# [Source material]
[Start of section]

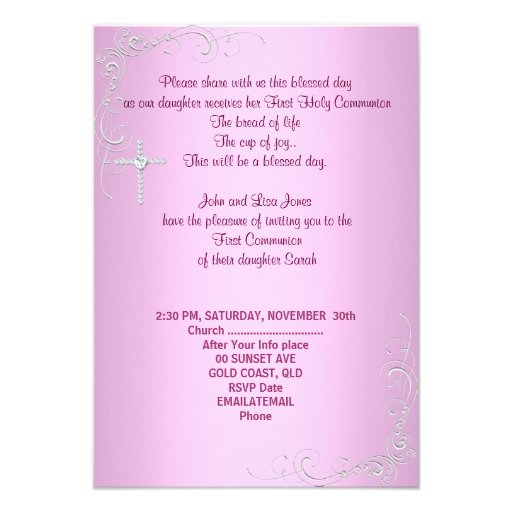 Girl First Holy Communion Pretty Pink Photo Personalized Invite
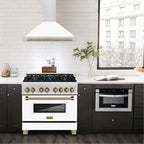 ZLINE 36" Autograph Edition DuraSnow Stainless Steel Range Hood with White Matte Shell and Gold Handle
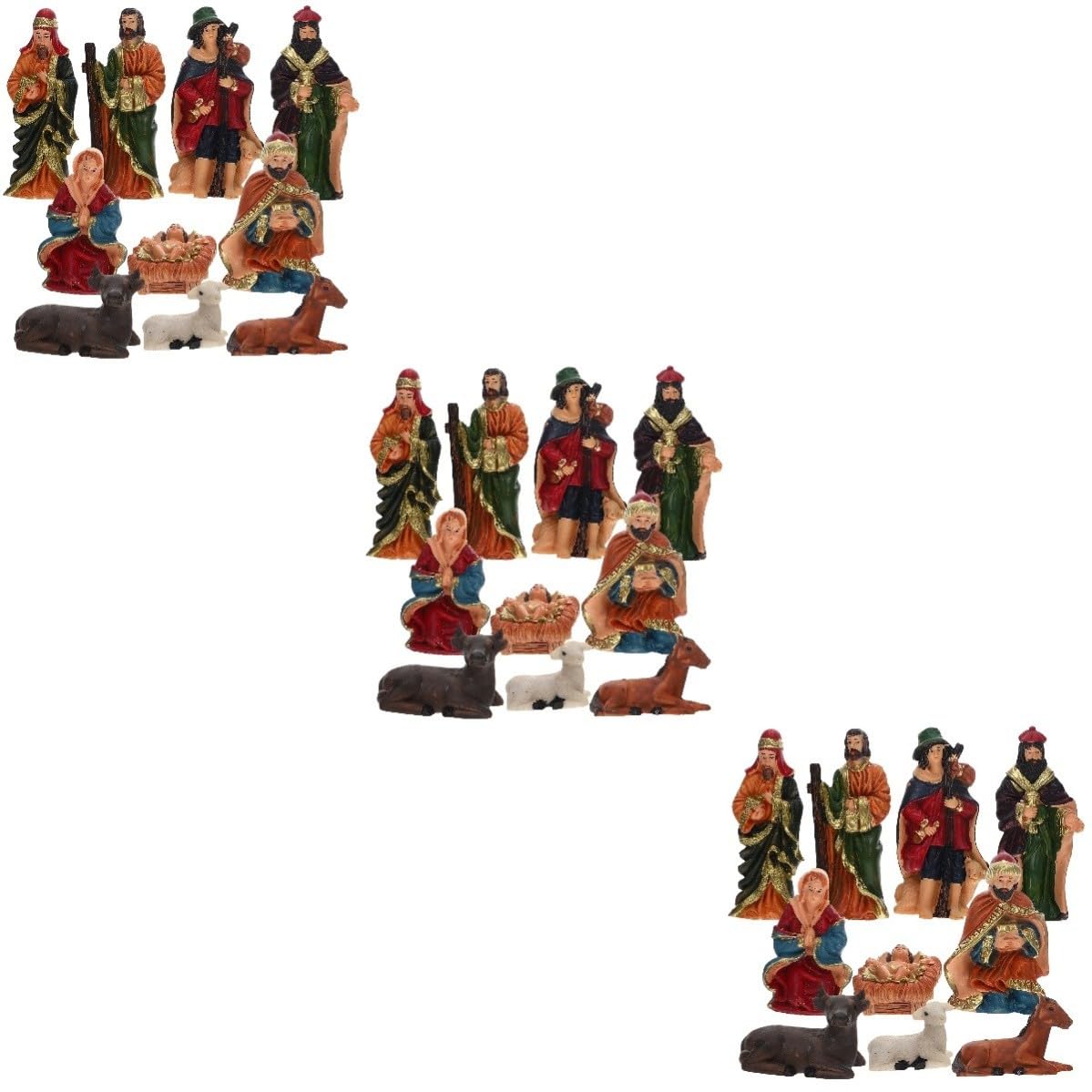 Toyvian 3 Sets Kleine Krippenfiguren aus Kunstharz für Zuhause und Büro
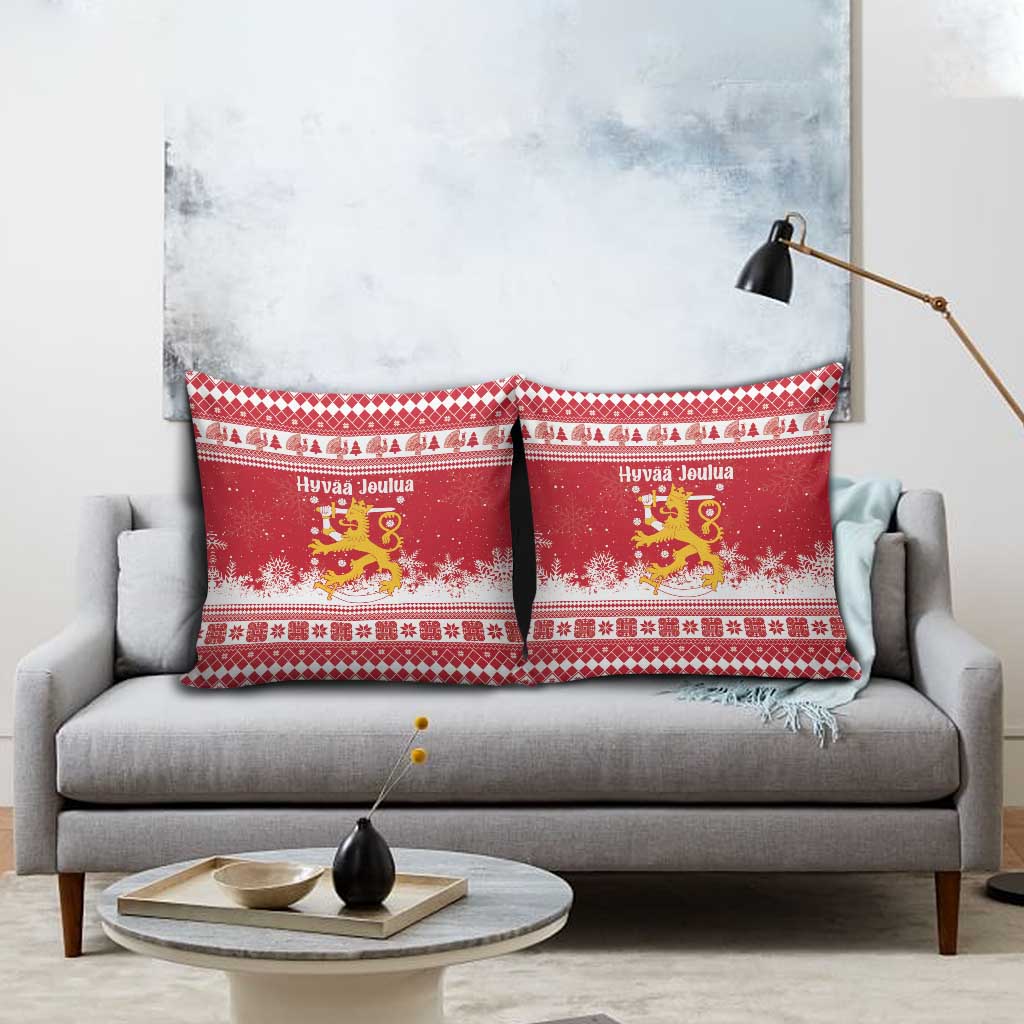 Finland Christmas Hannunvaakuna Pillow Cover Hyvaa Joulua Nordic Snow Lion Red Version - Wonder Print Shop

[End of section]

# [About this task]
An exact copy of every line above is needed, without the images.

# [Exercise solution]
 Girl First Holy Communion Pretty Pink Photo Personalized Invite
 ZLINE 36" Autograph Edition DuraSnow Stainless Steel Range Hood with White Matte Shell and Gold Handle
 Toyvian 3 Sets Kleine Krippenfiguren aus Kunstharz für Zuhause und Büro
 Finland Christmas Hannunvaakuna Pillow Cover Hyvaa Joulua Nordic Snow Lion Red Version - Wonder Print Shop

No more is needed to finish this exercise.